Last week, Macquarie International Infrastructure Fund Limited (MIIF) announced the completion of the Strategic Review which was initiated in June 2012.

The Strategic Review, which included an assessment by CIMB Bank Berhad, Singapore Branch (CIMB) and consultation with a cross section of shareholders, generated the following key observations:

  • MIIF’s current share price does not adequately reflect the value of MIIF’s infrastructure businesses;
  • MIIF’s current structure may not be the most appropriate structure to reflect the value of its businesses;
  • Taiwan Broadband Communications (TBC), Changshu Xinghua Port (CXP) and Hua Nan Expressway (HNE) are each generating sustainable cash distributions which underpin their respective values; and
  • Executing MIIF’s stated strategy of investing directly in operating Asian infrastructure businesses is constrained by MIIF’s current share price and the prevailing market environment.

After considering the above observations and assessing the alternatives available to MIIF, the Board has concluded that in order to maximise value for MIIF’s shareholders the strategy for MIIF should change. As a result, the Board has decided to undertake the following initiatives:

  • Distribute existing excess cash to shareholders as a one-off special dividend;
  • Commence a joint process with Macquarie Korea Opportunities Fund (MKOF), MIIF’s TBC co-shareholder, to realise maximum value for their investment in TBC;
  • Pursue the orderly divestments of MIIF’s interests in HNE, CXP and Miaoli Wind;
  • Distribute the proceeds from any divestment to shareholders as soon as practicable; and
  • Allow MIIF’s corporate-level debt facility to lapse upon maturity.

These initiatives have been formulated with a focus on maximising and returning value to MIIF shareholders.
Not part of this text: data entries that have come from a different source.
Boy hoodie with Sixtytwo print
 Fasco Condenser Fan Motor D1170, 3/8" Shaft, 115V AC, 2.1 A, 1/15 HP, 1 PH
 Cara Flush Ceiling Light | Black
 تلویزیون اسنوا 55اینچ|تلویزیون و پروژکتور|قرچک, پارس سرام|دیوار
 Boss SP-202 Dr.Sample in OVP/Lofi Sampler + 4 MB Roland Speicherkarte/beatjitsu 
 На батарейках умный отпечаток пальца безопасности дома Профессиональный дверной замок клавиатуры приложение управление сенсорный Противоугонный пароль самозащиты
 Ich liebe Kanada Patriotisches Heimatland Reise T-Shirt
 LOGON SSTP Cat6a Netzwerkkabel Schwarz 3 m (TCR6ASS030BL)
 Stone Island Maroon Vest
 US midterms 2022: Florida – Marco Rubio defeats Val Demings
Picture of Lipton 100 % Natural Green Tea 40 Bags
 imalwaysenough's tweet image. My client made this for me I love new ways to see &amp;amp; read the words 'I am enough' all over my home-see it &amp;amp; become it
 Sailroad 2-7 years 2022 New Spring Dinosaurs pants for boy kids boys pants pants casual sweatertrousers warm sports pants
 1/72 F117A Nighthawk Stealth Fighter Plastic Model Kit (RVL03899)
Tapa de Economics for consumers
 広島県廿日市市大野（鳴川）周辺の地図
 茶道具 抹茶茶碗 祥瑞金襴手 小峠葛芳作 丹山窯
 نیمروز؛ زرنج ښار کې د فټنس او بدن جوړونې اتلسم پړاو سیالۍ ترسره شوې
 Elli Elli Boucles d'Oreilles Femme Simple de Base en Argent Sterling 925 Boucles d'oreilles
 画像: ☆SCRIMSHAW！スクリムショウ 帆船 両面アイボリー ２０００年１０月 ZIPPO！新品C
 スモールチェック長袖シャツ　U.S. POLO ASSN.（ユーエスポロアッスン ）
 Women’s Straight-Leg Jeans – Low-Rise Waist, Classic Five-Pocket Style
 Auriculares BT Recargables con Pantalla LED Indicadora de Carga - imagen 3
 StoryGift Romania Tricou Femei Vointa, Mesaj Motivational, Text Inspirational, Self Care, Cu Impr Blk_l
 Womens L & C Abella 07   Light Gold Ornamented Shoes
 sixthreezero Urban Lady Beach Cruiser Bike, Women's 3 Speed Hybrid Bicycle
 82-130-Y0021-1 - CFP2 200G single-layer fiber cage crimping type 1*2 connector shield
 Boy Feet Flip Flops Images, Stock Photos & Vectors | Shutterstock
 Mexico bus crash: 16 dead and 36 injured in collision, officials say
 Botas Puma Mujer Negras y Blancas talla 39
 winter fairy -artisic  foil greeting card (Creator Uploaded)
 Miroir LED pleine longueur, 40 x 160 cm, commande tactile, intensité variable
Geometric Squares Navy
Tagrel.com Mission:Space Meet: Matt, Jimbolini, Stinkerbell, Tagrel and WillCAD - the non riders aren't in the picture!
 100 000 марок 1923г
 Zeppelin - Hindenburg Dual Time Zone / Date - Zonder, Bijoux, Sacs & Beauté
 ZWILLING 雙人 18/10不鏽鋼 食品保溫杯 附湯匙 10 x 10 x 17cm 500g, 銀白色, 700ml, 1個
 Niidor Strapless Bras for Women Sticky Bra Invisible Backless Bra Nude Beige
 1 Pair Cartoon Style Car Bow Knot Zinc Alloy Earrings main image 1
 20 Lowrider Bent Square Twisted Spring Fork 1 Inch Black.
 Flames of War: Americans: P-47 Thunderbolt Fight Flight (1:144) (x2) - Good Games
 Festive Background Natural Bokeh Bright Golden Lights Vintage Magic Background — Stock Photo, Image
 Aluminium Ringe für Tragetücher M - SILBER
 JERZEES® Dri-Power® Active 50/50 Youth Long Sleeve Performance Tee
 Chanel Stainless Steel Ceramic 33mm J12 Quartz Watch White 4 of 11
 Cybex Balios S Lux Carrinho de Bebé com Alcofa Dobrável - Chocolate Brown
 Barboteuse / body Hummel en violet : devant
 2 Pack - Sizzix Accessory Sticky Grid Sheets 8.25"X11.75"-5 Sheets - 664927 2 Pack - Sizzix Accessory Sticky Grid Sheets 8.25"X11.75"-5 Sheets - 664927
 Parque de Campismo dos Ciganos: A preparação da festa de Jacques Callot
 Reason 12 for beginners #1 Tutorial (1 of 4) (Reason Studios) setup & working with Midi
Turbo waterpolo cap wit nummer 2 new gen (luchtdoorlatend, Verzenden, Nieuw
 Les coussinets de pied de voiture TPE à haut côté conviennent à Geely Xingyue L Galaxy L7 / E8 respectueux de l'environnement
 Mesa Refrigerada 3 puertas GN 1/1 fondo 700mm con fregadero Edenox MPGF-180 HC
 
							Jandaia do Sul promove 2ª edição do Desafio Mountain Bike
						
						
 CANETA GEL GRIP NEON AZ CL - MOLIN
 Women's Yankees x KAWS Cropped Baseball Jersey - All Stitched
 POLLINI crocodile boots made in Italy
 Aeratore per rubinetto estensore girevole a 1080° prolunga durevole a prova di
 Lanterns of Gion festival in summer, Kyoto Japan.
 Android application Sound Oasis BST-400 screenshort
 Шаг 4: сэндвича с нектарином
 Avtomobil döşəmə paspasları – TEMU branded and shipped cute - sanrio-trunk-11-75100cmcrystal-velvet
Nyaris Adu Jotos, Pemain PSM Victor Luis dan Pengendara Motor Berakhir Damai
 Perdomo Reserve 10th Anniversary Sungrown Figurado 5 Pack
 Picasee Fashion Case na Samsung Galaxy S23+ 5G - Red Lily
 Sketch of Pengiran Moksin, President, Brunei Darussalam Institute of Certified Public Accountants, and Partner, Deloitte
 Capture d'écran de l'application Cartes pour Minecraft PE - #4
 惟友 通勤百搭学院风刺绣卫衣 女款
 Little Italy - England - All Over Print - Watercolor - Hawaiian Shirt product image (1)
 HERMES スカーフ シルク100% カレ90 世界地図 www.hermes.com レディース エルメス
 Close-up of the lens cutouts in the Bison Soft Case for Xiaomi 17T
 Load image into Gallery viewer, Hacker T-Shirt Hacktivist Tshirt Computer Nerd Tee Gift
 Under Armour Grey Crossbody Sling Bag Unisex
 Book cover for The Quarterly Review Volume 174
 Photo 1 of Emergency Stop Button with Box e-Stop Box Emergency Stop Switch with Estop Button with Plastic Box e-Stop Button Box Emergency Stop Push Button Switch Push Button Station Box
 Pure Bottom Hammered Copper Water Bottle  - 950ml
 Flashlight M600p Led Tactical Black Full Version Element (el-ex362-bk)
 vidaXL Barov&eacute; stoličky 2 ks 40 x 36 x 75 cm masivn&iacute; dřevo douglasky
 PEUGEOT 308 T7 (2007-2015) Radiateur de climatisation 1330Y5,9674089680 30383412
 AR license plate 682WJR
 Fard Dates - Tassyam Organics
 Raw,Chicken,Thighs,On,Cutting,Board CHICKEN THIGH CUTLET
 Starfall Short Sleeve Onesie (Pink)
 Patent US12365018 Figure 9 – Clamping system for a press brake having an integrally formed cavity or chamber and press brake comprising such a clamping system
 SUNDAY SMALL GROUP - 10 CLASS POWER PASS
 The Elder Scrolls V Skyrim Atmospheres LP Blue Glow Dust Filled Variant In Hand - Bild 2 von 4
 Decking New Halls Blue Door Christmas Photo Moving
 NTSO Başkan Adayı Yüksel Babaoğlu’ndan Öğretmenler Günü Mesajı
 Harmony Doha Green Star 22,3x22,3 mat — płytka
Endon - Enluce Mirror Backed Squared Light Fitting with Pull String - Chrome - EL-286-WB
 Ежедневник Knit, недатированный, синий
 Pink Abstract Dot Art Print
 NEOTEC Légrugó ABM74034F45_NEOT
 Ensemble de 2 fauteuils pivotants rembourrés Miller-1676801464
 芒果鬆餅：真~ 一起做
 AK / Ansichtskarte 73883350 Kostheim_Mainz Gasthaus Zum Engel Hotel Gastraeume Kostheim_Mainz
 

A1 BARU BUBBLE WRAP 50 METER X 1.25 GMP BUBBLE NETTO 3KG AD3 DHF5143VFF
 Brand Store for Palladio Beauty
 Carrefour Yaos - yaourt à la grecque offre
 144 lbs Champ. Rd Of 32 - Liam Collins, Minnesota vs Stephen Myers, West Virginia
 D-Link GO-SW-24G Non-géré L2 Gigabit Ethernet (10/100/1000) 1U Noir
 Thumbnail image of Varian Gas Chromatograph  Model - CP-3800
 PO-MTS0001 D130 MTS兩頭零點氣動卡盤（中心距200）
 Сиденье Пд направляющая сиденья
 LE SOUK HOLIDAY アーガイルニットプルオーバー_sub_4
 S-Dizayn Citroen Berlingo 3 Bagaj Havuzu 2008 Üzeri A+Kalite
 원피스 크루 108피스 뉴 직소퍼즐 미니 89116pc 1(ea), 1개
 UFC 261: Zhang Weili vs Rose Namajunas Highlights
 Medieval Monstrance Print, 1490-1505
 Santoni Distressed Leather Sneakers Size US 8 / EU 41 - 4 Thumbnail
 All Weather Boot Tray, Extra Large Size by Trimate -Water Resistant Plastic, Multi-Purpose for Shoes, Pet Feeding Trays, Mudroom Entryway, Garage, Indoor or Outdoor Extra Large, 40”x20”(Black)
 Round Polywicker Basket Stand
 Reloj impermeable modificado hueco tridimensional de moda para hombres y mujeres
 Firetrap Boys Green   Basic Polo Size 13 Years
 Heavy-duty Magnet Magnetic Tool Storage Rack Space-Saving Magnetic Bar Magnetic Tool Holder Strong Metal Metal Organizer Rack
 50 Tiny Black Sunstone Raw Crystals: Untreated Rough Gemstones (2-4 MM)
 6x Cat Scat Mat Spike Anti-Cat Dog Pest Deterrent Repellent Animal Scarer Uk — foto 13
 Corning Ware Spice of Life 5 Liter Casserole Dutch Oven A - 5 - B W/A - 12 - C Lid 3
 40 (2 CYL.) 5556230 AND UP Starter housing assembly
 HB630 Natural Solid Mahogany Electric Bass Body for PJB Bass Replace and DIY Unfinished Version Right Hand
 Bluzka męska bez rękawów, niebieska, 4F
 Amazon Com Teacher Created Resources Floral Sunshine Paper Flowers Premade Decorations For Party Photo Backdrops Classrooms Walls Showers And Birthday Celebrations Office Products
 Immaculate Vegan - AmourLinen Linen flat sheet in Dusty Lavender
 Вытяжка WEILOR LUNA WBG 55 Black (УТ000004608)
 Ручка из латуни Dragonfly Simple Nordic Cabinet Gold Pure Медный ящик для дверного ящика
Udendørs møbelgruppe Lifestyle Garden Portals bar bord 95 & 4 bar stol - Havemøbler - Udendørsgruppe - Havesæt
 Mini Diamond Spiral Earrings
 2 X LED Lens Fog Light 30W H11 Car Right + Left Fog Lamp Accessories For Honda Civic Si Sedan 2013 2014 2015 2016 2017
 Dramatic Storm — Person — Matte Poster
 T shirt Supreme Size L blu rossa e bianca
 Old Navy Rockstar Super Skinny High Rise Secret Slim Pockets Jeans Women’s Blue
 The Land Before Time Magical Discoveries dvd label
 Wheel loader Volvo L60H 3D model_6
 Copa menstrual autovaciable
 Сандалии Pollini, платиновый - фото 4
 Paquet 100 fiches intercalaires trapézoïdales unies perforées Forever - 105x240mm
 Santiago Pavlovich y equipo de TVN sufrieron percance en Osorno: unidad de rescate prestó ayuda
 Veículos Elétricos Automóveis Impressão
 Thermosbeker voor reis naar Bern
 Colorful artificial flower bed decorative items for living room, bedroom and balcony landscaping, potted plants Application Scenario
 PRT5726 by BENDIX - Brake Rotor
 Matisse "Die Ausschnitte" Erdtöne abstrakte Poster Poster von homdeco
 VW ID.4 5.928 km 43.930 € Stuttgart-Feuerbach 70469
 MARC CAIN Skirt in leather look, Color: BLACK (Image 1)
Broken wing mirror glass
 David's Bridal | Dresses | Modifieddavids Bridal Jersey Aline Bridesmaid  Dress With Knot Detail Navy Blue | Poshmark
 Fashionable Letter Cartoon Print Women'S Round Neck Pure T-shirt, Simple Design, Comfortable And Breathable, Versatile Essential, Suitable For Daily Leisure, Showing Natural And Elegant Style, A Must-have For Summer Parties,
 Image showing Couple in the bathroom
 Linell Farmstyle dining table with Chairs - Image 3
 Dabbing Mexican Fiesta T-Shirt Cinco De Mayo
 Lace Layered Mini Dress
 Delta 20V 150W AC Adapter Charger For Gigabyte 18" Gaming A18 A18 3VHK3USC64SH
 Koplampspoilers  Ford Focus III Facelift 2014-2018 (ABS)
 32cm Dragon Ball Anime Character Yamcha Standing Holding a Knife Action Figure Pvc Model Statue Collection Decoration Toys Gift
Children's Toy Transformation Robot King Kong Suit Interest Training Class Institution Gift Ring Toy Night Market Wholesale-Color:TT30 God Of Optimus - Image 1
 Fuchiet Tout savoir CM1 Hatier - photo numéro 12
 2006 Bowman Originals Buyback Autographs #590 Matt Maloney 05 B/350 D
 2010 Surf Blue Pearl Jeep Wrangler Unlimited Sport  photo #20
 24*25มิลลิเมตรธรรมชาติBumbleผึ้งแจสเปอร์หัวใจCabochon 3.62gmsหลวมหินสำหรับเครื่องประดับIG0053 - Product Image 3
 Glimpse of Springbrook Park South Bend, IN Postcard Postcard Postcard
The Board will endeavour to execute these initiatives in a timely manner; however, these initiatives involve complex processes which will require active management and prudent actions to safeguard the interests of MIIF shareholders.

The strategy will substantially alter the focus of MIIF. The Independent Directors of the Board have concluded that the change in MIIF’s strategy requires an amended approach to the arrangements with MIIF’s Manager1. The Independent Directors will seek to restructure the Manager’s fee arrangements to realign the interests of MIIF and the Manager.

And so, this fund is finally going to sell off all their assets, return the money to shareholders and close down.

But no kidding me, you need to spend money to appoint a financial adviser to come up with all these recommendations?

While the share price has gone up slightly in anticipation of the higher dividends from the distribution of excess cash, I don’t think the divestment of assets will be easy. Whether they can sell their assets at the valuation they want is a big question mark.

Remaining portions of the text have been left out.